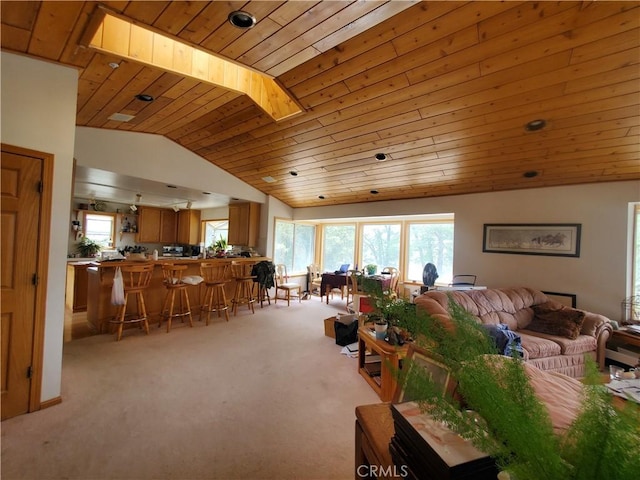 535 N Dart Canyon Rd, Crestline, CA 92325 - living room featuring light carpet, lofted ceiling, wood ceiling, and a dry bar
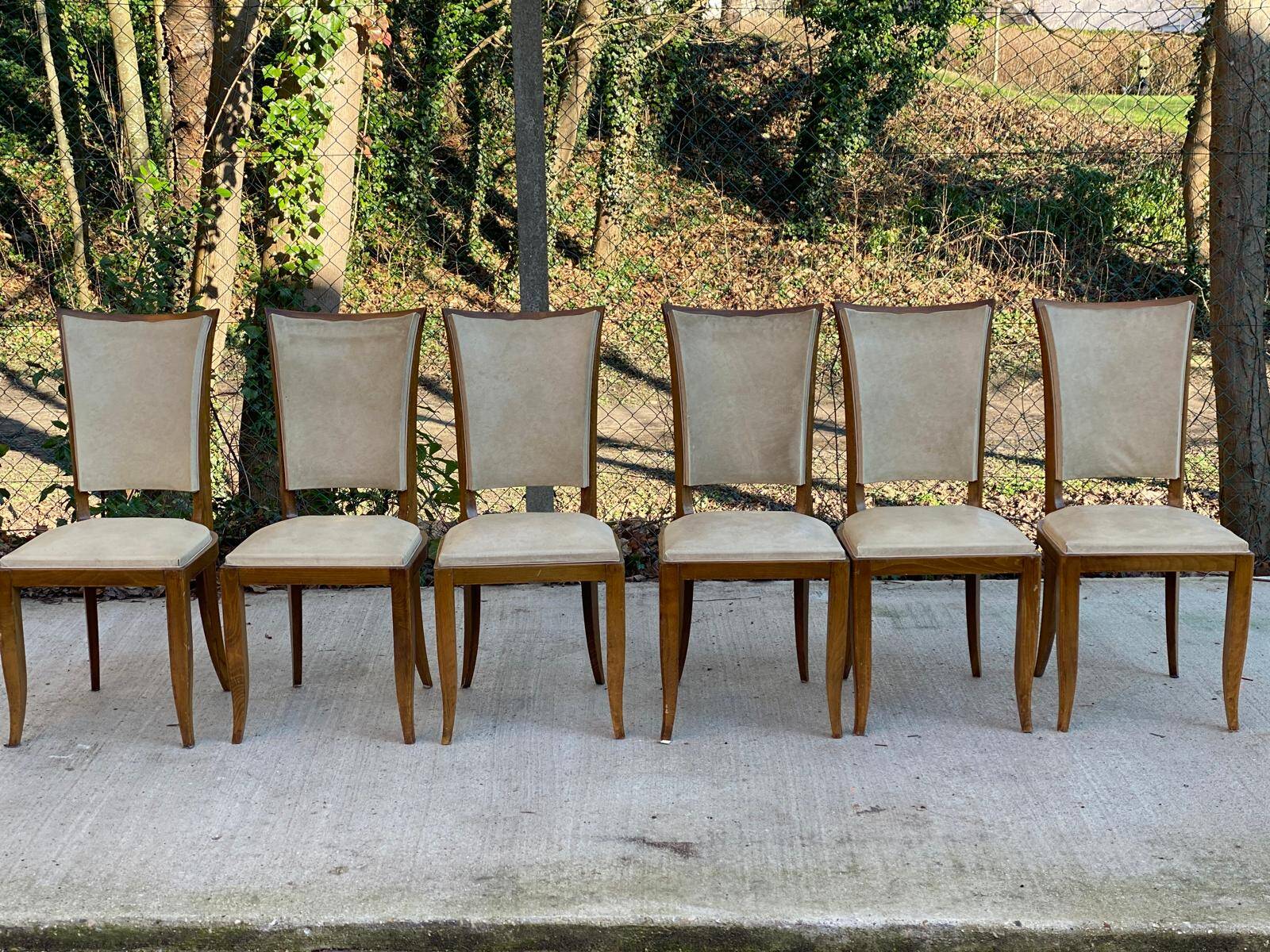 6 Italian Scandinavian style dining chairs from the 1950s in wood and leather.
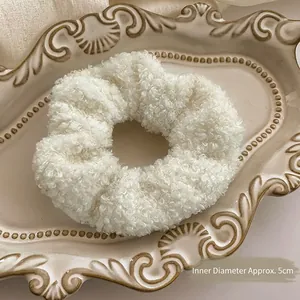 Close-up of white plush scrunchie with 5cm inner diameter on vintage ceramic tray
...
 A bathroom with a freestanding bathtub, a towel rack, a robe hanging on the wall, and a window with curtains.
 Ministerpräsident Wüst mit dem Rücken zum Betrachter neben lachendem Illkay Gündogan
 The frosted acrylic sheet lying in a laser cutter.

Problem details
Transcribe only the lines above that start at the line containing "535 N Dart Canyon" and end at the line containing "Close-up of white". Omit pictures.

Written solution
 535 N Dart Canyon Rd, Crestline, CA 92325 - living room featuring light carpet, lofted ceiling, wood ceiling, and a dry bar
 6 Italian Scandinavian style dining chairs from the 1950s in wood and leather.
 Close-up of white plush scrunchie with 5cm inner diameter on vintage ceramic tray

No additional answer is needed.